## ENTRIES PROVIDED
·····
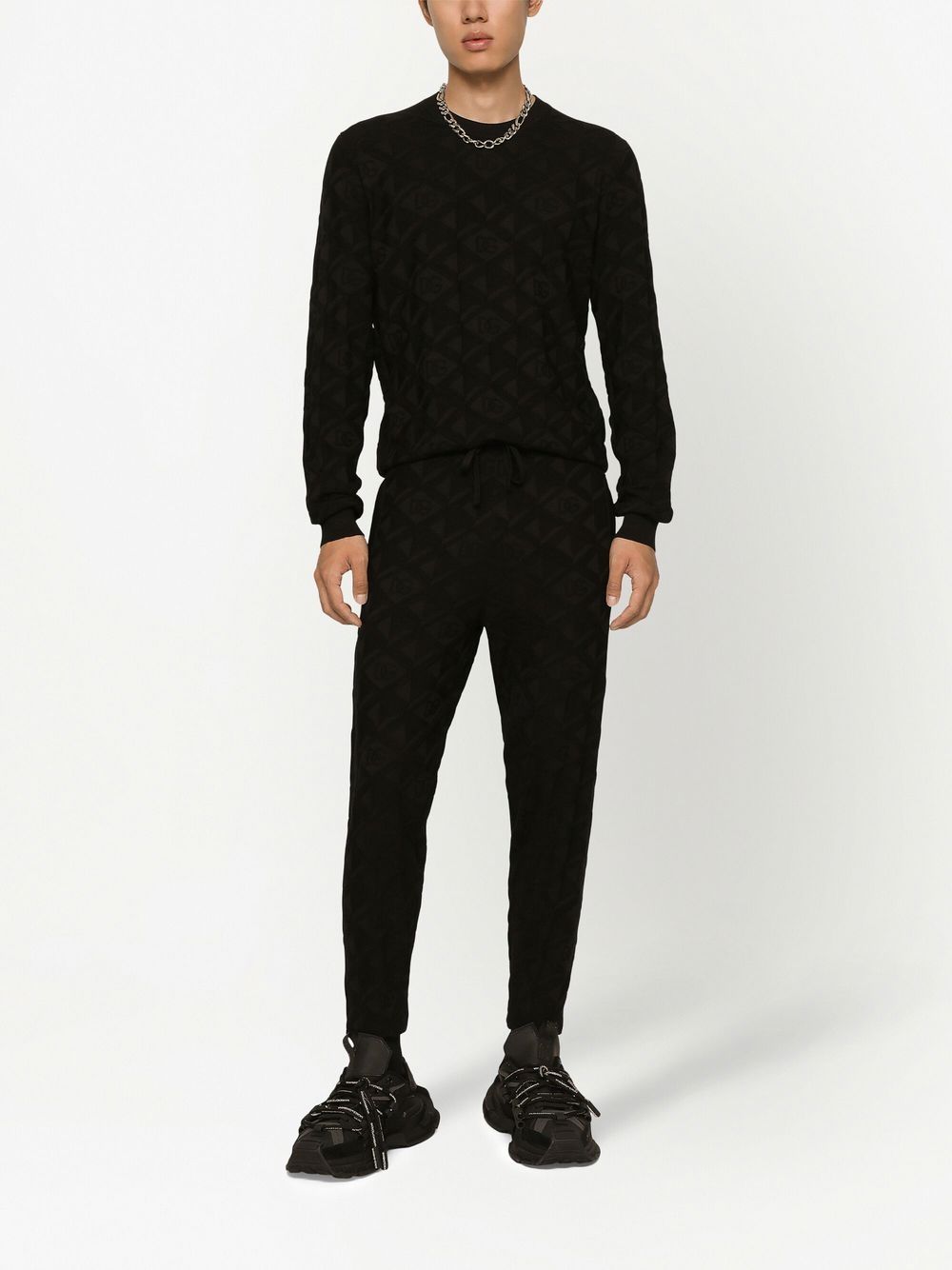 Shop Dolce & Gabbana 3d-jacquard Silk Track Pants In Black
·····
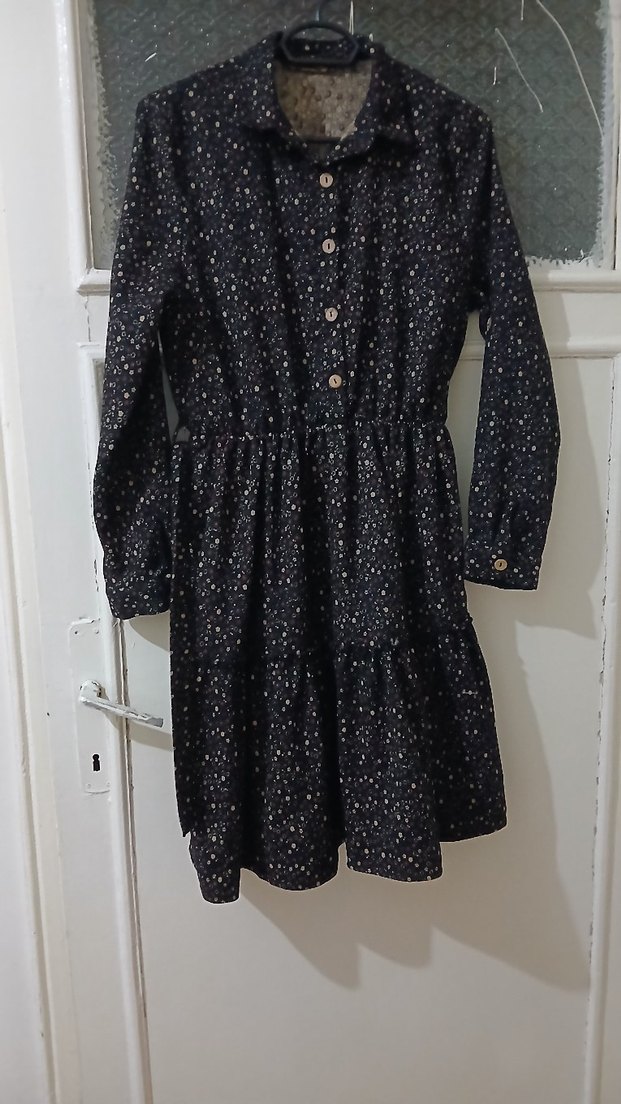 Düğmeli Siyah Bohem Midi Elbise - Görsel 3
·····
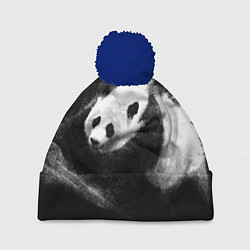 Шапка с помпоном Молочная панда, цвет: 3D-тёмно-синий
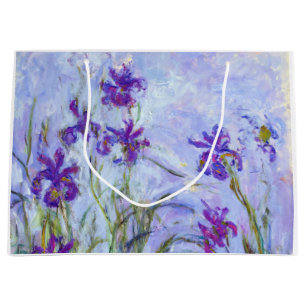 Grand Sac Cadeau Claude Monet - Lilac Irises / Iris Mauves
·····
## DIRECTIONS FOR THIS TASK
Transcribe, exactly and without pictures, everything in the data from the line with "Шапка с помпоном" down to the line with "Grand Sac Cadeau", both included.

## RESPONSE AREA
 Шапка с помпоном Молочная панда, цвет: 3D-тёмно-синий
 Grand Sac Cadeau Claude Monet - Lilac Irises / Iris Mauves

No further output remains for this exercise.